** Opening Records shown block **

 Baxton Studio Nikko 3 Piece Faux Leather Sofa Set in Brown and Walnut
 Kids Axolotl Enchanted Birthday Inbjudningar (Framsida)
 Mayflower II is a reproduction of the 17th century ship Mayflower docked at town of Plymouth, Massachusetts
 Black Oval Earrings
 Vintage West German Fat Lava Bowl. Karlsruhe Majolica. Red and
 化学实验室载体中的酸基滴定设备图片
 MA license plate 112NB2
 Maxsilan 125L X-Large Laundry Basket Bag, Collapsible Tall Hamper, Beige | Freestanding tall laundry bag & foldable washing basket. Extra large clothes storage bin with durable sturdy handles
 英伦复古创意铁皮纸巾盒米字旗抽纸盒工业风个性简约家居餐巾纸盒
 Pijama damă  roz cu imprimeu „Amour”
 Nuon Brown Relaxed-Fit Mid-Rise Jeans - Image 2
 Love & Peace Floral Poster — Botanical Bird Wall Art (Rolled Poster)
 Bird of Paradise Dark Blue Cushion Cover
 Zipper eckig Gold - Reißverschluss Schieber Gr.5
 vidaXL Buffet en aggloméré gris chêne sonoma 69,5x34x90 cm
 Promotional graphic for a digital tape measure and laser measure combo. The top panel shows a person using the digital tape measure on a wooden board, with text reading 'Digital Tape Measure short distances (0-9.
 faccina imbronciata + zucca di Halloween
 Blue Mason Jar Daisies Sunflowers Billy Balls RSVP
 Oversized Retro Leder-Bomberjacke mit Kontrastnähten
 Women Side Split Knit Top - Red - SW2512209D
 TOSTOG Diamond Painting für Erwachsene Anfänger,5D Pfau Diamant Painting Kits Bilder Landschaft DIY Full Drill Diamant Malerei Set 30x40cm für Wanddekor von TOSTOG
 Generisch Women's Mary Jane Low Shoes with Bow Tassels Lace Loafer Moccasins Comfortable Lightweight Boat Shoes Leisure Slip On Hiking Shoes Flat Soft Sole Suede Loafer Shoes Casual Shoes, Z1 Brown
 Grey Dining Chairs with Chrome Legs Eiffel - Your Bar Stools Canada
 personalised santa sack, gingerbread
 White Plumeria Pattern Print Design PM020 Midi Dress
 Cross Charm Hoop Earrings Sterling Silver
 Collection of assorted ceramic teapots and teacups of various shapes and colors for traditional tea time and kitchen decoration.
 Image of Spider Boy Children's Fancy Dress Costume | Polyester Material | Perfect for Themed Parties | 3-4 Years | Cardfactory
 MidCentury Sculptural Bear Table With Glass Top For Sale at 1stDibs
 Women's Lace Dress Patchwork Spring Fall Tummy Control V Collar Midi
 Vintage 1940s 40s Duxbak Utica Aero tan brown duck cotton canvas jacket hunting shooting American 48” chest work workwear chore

** Closing Records shown block **

=== Try it ===
Search the entries above for the word "Vintage" and count the lines that hold it. Reply with only that number.

=== Your response ===
2